"What," wondered Adams, "was so different about being involved with the Republic of Ireland squad compared to the England squad?"
Now he knows, and it has taken the fall-out from the Bosman judgement for him to find out. Bosman is generally regarded as being good for English club football but bad for the national side - the influx of foreign players strengthening the former but weakening the latter. However, Adams has noted a beneficial side-effect.
Speaking after training at the Madejski Stadium in Reading yesterday, he said: "It's great to meet up with an England team because you've got all English guys here, and it's been great. It really has been, like, fantastic."
This might seem obvious but, said Adams, it is only now that his club is dominated by foreign players (15, spanning 11 countries, plus the French manager and a Yugoslav coach), that he has really noticed. "Arsenal is a cosmopolitan club and we've got a lot of nationalities. Then you come away for England, and everyone is English. I'm now getting the feeling Quinny talked about with Ireland, how they would go into their own environment and they've got this kind of bonding and stuff. I'm feeling that in my own country now.
"In the past the Irish, and the Scottish lads, have used that kind of feeling positively. I think we can use that, too."
This sense of patriotism, said Adams, was further fuelled by having, as England coach, someone such as Kevin Keegan who carries his emotions so openly. "He's very passionate about his fixture," said Adams. "He's a nice guy, he's a good guy, he wears his heart on his sleeve and he wants to do well for England and everyone in this country. I think that has a knock-on effect on everyone around him. He cares.
"I think the guys can relate to Kevin a bit more than previous managers. He talks to them, he's a friendly guy, and he's a bit closer. Some managers of the past have been a bit more like Arsene [Wenger], more father-figure- ish."

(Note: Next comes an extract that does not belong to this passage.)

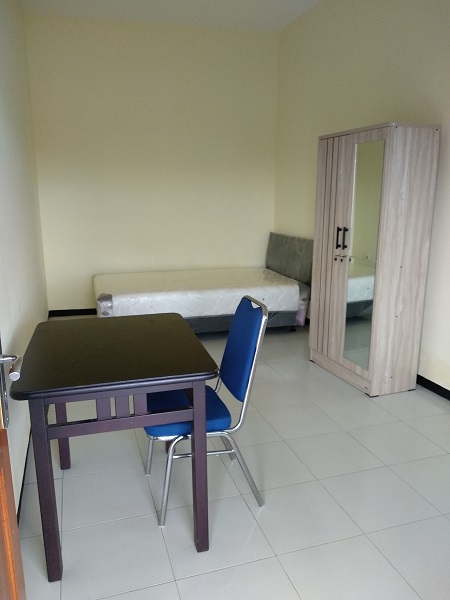 Disewakan kamar kos untuk putra Image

Adams has long been impressed with Keegan, though the feeling may not, initially, have been mutual to judge from the Arsenal captain's account of their first meeting.
"I first came across Kevin Keegan when I was in Cyprus in my drinking days on an end-of-season tour with Arsenal. I'd been drinking for a couple of days and we had a game to play [against a team which included Keegan as a celebrity guest].
"The guy had been retired a couple of years, and I couldn't believe how hard he tried," recalled Adams of Keegan. "His commitment and enthusiasm was astonishing. I came off the pitch and he'd run me ragged.
"I was really surprised and I thought `Jeez, this guy really works hard and puts a lot of effort and time into his profession'. It made a lasting impression on me, how he worked at it. He'd given me a little insight into how he played his game and how, if you wanted to stick around for a long time, it's about hard graft."
It was an evocative story, but it only tells half the story. When Keegan was asked to cast his mind back to that day he could not remember much about Adams but he could remember why he was running around so much.
"Steve Williams, who I had played with at Southampton, was playing for them and he topped me in the first minute," said Keegan. "I spent the rest of the match chasing after him trying to get my own back."
The young boozer of Cyprus is now England's senior pro, and his relationship with Keegan is close enough for the coach to have taken him aside at half- time in the recent friendly with Belgium and asked for his view on why England were struggling. "I think he respects what I have done in past games," said Adams, adding without a hint of bragging. "I talk and he listens."
Adams has played twice against Scotland, in Euro 96 and in 1988, but he has never played at Hampden Park. Neither has anyone else in the England squad and the Hampden roar will be new experience for all except Keegan.
"Some of the guys will relish the particular passion of the occasion and perform really well," said Adams. "Some of them will be bit taken aback and shocked."
Not that they need be fearful. Eight of the squad played in the Euro 96 victory and, like their opponents, they have grown up in an era of English domination of the fixture. England not only won both of the games Adams played in, keeping a clean sheet in each, they have only lost twice since 1977, at Wembley in 1981 and Glasgow in 1985. The other 11 matches have seen nine English victories, prompting suggestions that the national "inferiority complex" Craig Brown, the Scotland coach, referred to this week may extend to playing football against England.
Adams agreed: "I think we've beaten them a few times and when someone beats you more than you beat them there's a chance that you're going to form an inferiority complex.
"It is a bit like going to Liverpool in the 1970s, or to Manchester United or even Arsenal now. Most of the time we win at Highbury and United do at Old Trafford. At Anfield in the 1970s you were kind of beaten before you went out there. But," he added, "I do think these will be tight games."
For Adams the tie is about qualifying for Euro 2000, not beating Scotland. He admitted, however, that the derby nature of the game provided a different dimension.
"An England-Scotland game is always going to be an important fixture, whether it's once a year or every now-and-again. They're going to give it everything, otherwise they shouldn't be turning up. But I can assure you that we'll be doing our best as well.
"I've a lot of passion for my country. I love London, I love England. We could do with better weather, I suppose, but even that's part of it. I think I would miss the seasons walking the dog over the park and I like the summer. I'm very proud to live in England."